Bush visit shows Georgia's new significance

From Newsday:

Bush's stop is the first visit by a U.S. president to the impoverished country of 4.5 million nestled between Russia and Turkey, a point that Georgian President Mikhail Saakashvili says proves Georgia's "special role and special mission."

Educated at Columbia University, fluent in English and just 37, Saakashvili is something of a poster boy for what Bush calls the march of freedom. Saakashvili led the nonviolent protests against rigged parliamentary elections in November 2003 that eventually toppled then-president Eduard Shevardnadze, a veteran communist who had lost U.S. support because of his government's corruption.

Wildly popular with his rose-waving supporters, Saakashvili went on to a landslide victory in presidential elections in January 2004. He staffed his cabinet with pro-Western colleagues, nearly all in their 30s, and ordered radical reforms, including a war on corruption, designed to ready Georgia for membership someday in NATO and the European Union.
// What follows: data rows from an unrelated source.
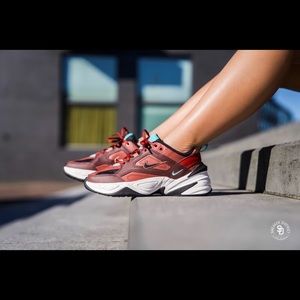 Nike M2K Mahogany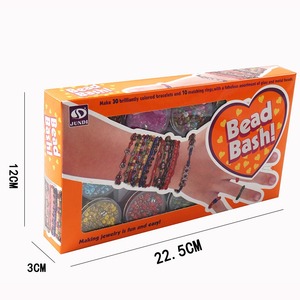 Kit <span class=keywords><strong>de</strong></span> Fabricación <span class=keywords><strong>de</strong></span> Pulseras <span class=keywords><strong>de</strong></span> Cuentas <span class=keywords><strong>para</strong></span> Niños Best Friend Bands - Juego <span class=keywords><strong>de</strong></span> 22 Piezas <span class=keywords><strong>para</strong></span> Hacer Joyería Artesanal <span class=keywords><strong>para</strong></span> <span class=keywords><strong>Niñas</strong></span> - Product Image 5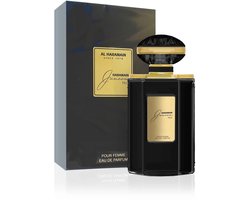 Al Haramain Junoon Noir spray Eau de Parfum
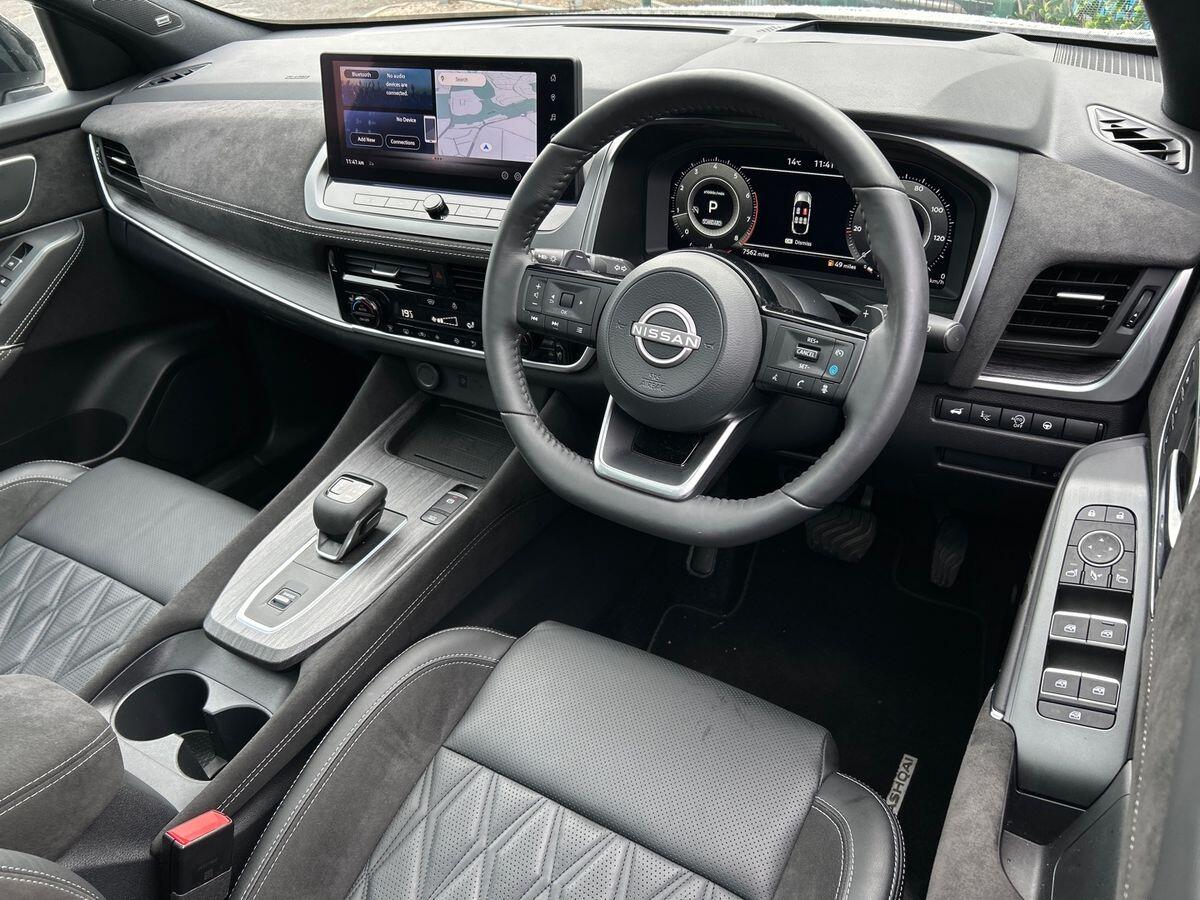 Used Nissan Qashqai 2025 for sale - 76304663: Photo 14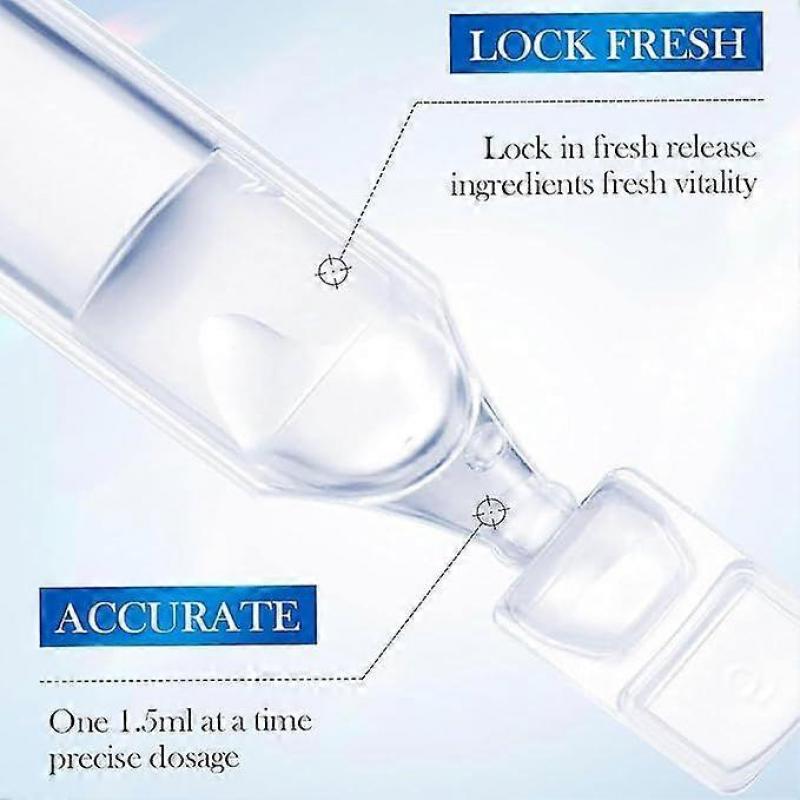 Hyaluronic Acid Serum, Hyaluronic Acid Serum Ultra-Hydrating Serum, Skin Care Deep Moisturizing Facial Serum, Anti-aging Repair Serum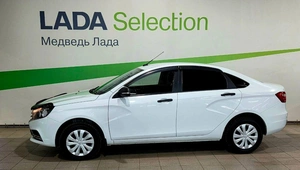 Седан ВАЗ (LADA) Vesta 2020 года, 797000 рублей, Красноярск
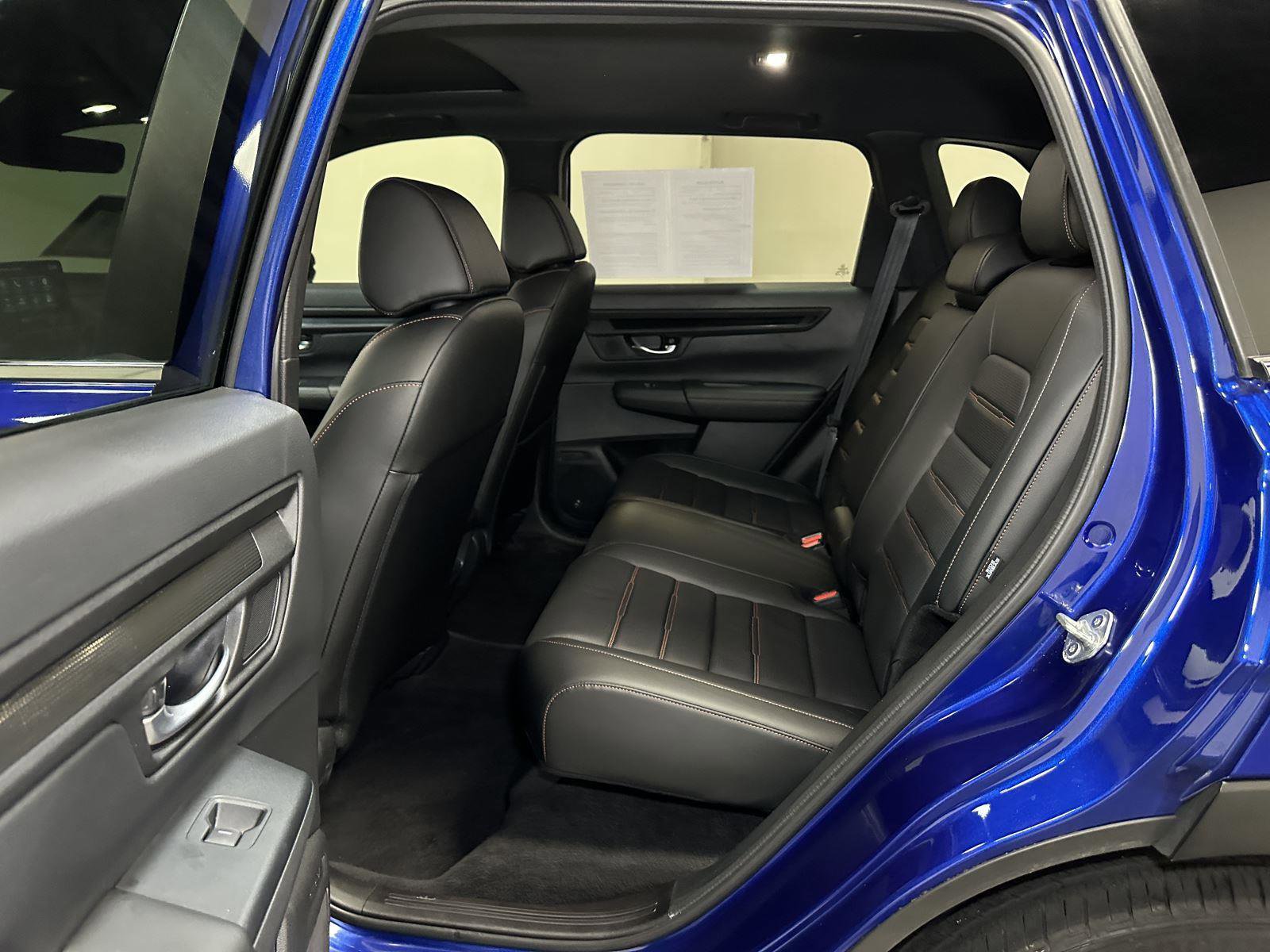 Certified 2025 Honda CR-V Sport-L image 32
White House National Security Adviser Stephen Hadley described the revolution as a "landmark in the history of liberty," a point Bush is likely to stress.

The reality does not always match the ideals, though. Human Rights Watch recently accused Georgia of continuing to practice torture, while Western diplomats worry Saakashvili is concentrating too much power in his own hands.

However, Washington strongly supports its new ally with military and economic assistance. A new aid package worth up to $200 million may be announced shortly, U.S. and Georgian officials indicate.

The country's shift in allegiance has increasingly sidelined Russia, which in one form or other ruled Georgia for most of the last two centuries.

Relations between Moscow and Tbilisi have soured to the point that Saakashvili boycotted Monday's World War II victory parade in Red Square, which more than 50 world leaders attended. He said the trip was impossible while Moscow refuses to agree on withdrawal of its last two army bases in Georgia, bases he calls a "legacy of Soviet totalitarian domination."

Meanwhile, it appears Georgia's "rose revolution" was only the beginning.